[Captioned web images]
····················

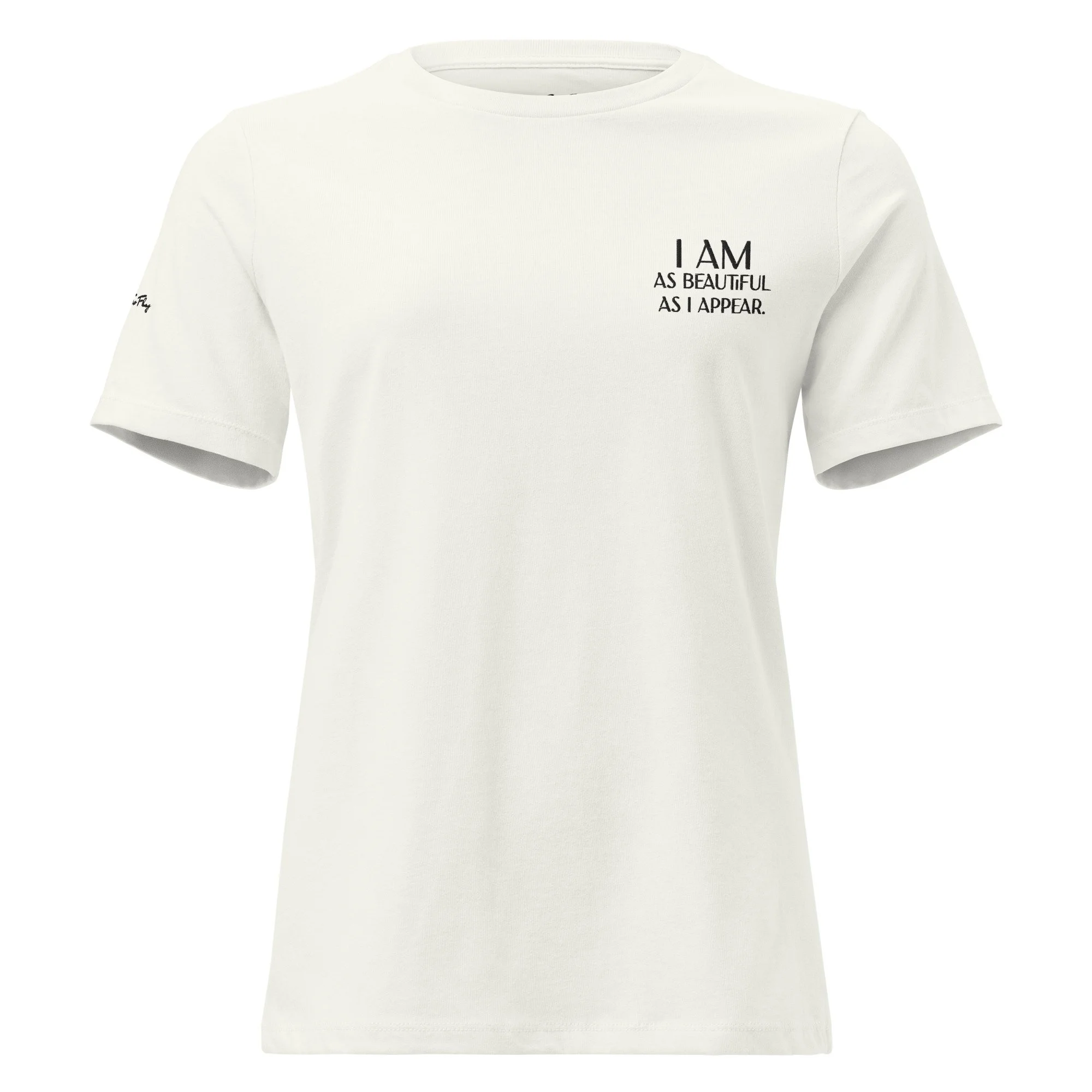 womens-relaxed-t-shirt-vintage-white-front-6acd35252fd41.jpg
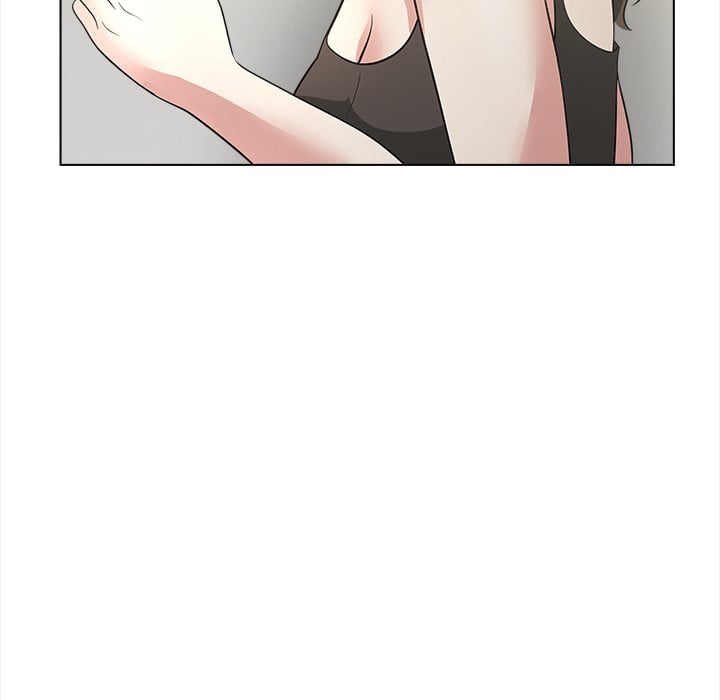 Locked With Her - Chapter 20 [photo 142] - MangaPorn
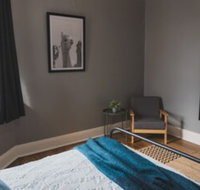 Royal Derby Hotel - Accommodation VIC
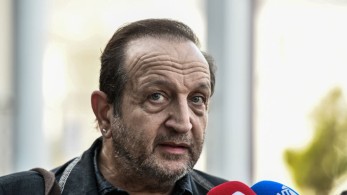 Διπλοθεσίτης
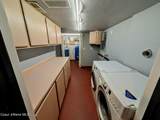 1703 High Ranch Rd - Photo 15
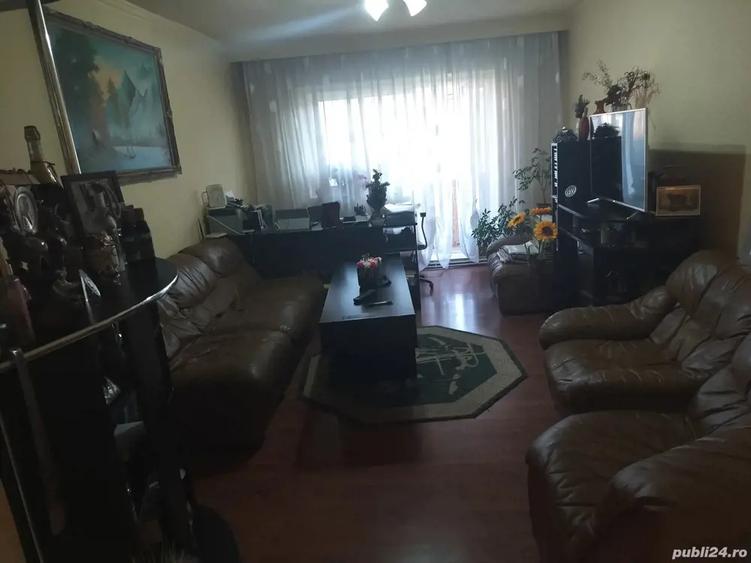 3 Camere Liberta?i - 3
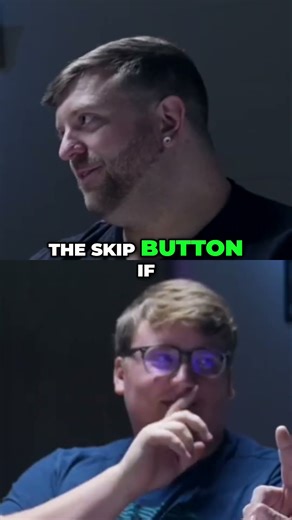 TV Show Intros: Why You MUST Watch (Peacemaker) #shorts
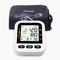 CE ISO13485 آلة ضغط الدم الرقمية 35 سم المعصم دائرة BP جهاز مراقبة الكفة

····················

[WHAT TO DO] Your answer must be exactly the lines from the one with "Royal Derby Hotel - Accommodation VIC" through the final line of the data, with no pictures in it.

[WORKED SOLUTION]
 Royal Derby Hotel - Accommodation VIC
 Διπλοθεσίτης
 1703 High Ranch Rd - Photo 15
 3 Camere Liberta?i - 3
 TV Show Intros: Why You MUST Watch (Peacemaker) #shorts
 CE ISO13485 آلة ضغط الدم الرقمية 35 سم المعصم دائرة BP جهاز مراقبة الكفة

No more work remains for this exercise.